Colt released another EP titled "Mind of Colt, Pt. 1" under Sony Music Germany in 2018 and two singles in 2019. His European tour in the same year was sold out. He also performed at the annual established arts and media event SXSW and became the first German rap artist to tour China.

=== 2020-present: Independent career with TBHG Records ===
In early 2020, Colt parted ways with Sony after securing the rights to his entire music catalog to establish his own independent record label.
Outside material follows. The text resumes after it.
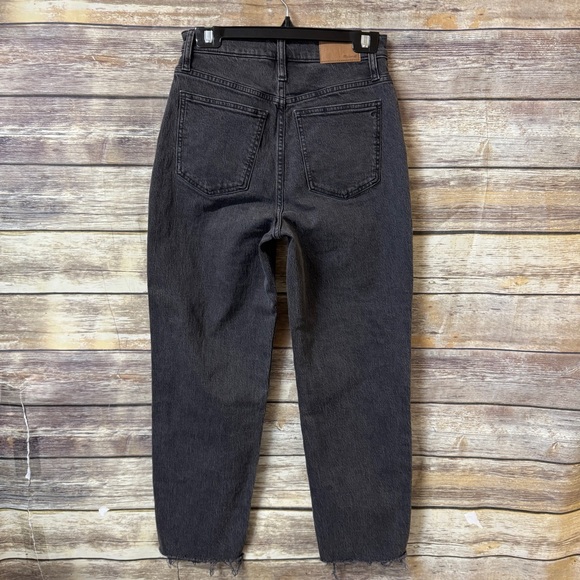 Madewell The Perfect Vintage High Waist Straight Leg Jeans 25 Lunar Gray Wash‎ - Picture 5 of 8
In September 2020, Colt announced his collaboration with Mercedes-Benz and became the face of the "EQC" project. As part of the collaboration, the single "BENZ | I Know" was released, which remains Colt's most well-known single to date<. The accompanying video was released on the Mercedes-Benz YouTube channel.
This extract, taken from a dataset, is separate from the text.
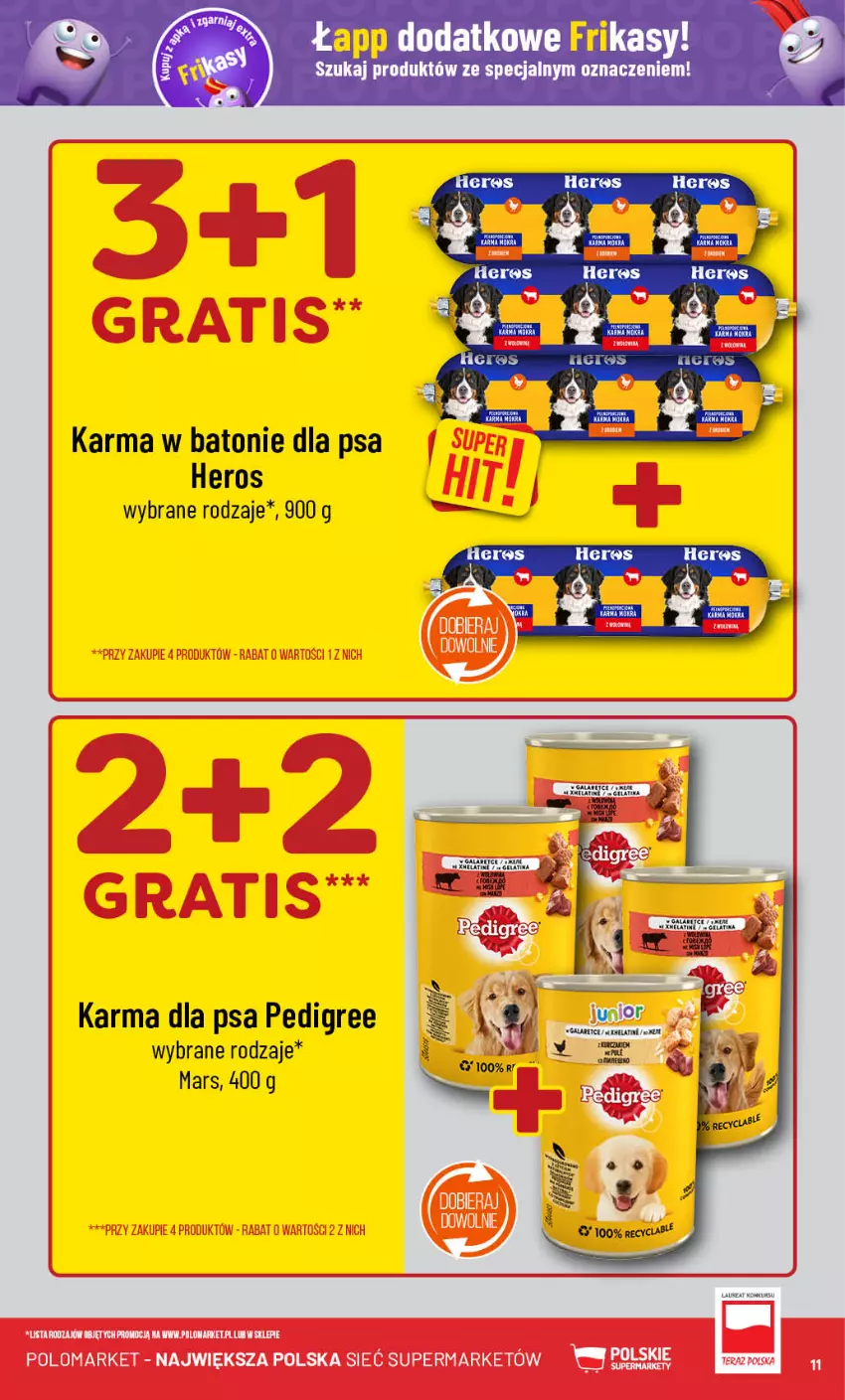 Gazetka promocyjna PoloMarket - Gazetka pomocyjna - ważna 11.09 do 17.09.2024 - strona 11 - produkty: Baton, Laur, Mars, Pedigree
In 2021, Colt independently released his first EP, "Love Before Death". He also released the collaborative single "No One" with wavvyboi, which brought attention to the breaking of traditional gender roles in society through collaboration with About You and Levi's. Another song, "Emotions", was released in the same year.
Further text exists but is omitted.